Overview
The new API performs extraction on the input document PDF or a ZIP file (enclosed single page or multipage tiff/tif or pdf). Extraction plugins are fetched from the batch class corresponding to the input batch class identifier. The extraction will be performed based on the extraction plugins configurations and rules configured for the particular batch class.
If the document type is given as an input parameter then document classification is not performed and extraction is performed as per specified document type, otherwise classification and extraction is performed on the input to generate the results.
Input Parameters
Input parameters to the Web Service API would be
INPUT PARAMETERS
1. PDF File (single or multipage)/ ZIP File (zip file may contain single page or multipage tif/tiff or pdf)
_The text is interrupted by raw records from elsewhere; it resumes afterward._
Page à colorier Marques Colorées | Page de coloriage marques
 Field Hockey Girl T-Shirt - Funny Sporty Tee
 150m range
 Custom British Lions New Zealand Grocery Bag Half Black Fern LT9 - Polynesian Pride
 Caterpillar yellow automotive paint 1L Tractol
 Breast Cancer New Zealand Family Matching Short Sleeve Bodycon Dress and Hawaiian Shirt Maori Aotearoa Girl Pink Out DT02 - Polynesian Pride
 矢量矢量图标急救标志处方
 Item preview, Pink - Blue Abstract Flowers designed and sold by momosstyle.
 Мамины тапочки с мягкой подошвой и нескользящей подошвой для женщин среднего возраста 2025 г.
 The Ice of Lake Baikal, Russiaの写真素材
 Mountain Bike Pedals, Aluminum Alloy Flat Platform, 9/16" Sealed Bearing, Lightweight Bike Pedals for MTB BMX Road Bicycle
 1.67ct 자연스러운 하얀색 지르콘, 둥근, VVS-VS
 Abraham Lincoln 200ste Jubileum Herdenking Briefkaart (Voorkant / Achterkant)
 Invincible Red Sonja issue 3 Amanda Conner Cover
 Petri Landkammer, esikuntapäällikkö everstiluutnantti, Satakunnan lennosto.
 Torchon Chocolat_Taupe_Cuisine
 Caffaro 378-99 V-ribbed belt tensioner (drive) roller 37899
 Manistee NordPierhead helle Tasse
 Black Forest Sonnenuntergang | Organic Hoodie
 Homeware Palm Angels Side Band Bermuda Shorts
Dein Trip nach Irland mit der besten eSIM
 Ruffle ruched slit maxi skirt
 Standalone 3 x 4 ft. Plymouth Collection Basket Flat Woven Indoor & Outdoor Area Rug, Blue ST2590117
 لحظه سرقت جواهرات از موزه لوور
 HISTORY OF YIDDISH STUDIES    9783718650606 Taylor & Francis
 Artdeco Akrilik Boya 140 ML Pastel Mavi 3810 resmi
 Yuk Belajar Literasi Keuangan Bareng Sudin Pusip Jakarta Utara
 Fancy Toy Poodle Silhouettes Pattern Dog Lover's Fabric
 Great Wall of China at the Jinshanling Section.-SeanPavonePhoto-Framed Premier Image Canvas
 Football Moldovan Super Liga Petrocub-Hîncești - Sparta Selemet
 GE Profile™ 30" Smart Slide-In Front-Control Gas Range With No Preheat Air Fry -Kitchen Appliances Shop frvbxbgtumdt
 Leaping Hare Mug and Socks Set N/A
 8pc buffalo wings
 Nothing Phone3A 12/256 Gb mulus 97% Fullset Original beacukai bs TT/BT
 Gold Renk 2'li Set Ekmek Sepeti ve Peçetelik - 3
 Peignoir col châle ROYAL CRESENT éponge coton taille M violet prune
2. batchClassIdentifier: String parameter for batch class identifier
3. docType (optional parameter) if user enters a docType then no document classification is performed otherwise classification of the document will be performed.
Output Parameters
Batch XML will be output for the web service.
Web Service URL
http://<HOSTNAME>:8080/dcma/rest/ocrClassifyExtract
Example-
localhost:8080/dcma/rest/batchClass/ocrClassifyExtract
Checklist:
- Extraction would be done only if Extraction module is configured for the particular batch class
- Extraction would be performed only for the plugins which have extraction switch ON in batch class configuration.
Sample client code using apache commons http client:-
private static void ocrClassifyExtract() {
HttpClient client = new HttpClient();
String url = “http://localhost:8080/dcma/rest/ocrClassifyExtract”;
PostMethod mPost = new PostMethod(url);
// Adding HTML file for processing
File file1 = new File(“C:\\sample\\US-Invoice.tiff”);
Part[] parts = new Part[2];
try {
parts[0] = new FilePart(file1.getName(), file1);
// Adding parameter for batchClassIdentifier
parts[1] = new StringPart(“batchClassIdentifier”, “BC1”);
MultipartRequestEntity entity = new MultipartRequestEntity(parts, mPost.getParams());
mPost.setRequestEntity(entity);
int statusCode = client.executeMethod(mPost);
if (statusCode == 200) {
System.out.println(“Web service executed successfully..”);
String responseBody = mPost.getResponseBodyAsString();
System.out.println(statusCode + ” *** ” + responseBody);
} else if (statusCode == 403) {
System.out.println(“Invalid username/password..”);
} else {
System.out.println(mPost.getResponseBodyAsString());
}
} catch (FileNotFoundException e) {
System.err.println(“File not found for processing..”);
} catch (HttpException e) {
e.printStackTrace();
} catch (IOException e) {
e.printStackTrace();
} finally {
if (mPost != null) {
mPost.releaseConnection();
}
}
}